#### [Problem statement]
Quote the listing below in its entirety, omitting every image.

#### [Exercise data]
----

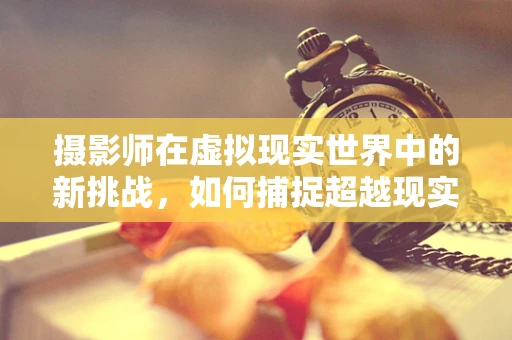 摄影师在虚拟现实世界中的新挑战，如何捕捉超越现实的瞬间？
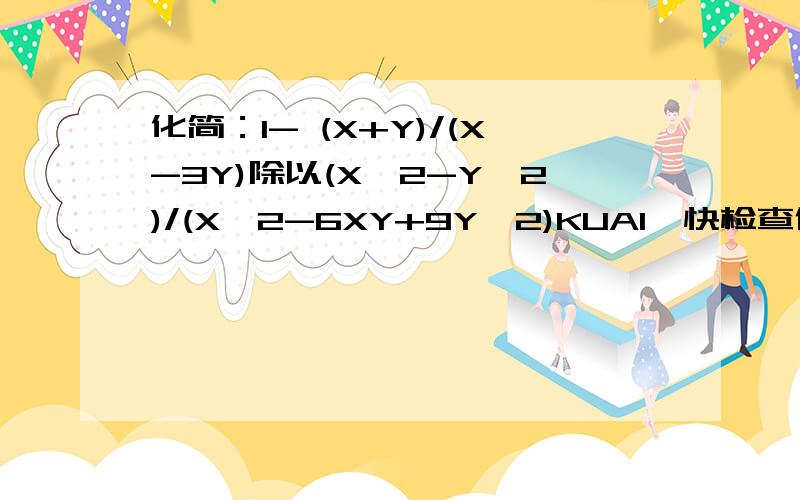 化简：1- (X+Y)/(X-3Y)除以(X^2-Y^2)/(X^2-6XY+9Y^2)KUAI,快检查作业了 化简：1- (X+Y)/(X-3Y)除以(X^2-Y^2)/(X^2-6XY+9Y^2)等于多少?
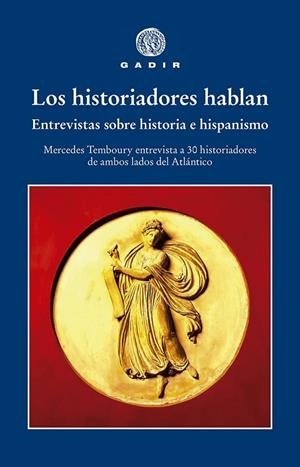 LOS HISTORIADORES HABLAN | 9788412746099 | TEMBOURY, MERCEDES | Llibreria L'Odissea - Libreria Online de Vilafranca del Penedès - Comprar libros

----

#### [Output of the task]
 摄影师在虚拟现实世界中的新挑战，如何捕捉超越现实的瞬间？
 化简：1- (X+Y)/(X-3Y)除以(X^2-Y^2)/(X^2-6XY+9Y^2)KUAI,快检查作业了 化简：1- (X+Y)/(X-3Y)除以(X^2-Y^2)/(X^2-6XY+9Y^2)等于多少?
 LOS HISTORIADORES HABLAN | 9788412746099 | TEMBOURY, MERCEDES | Llibreria L'Odissea - Libreria Online de Vilafranca del Penedès - Comprar libros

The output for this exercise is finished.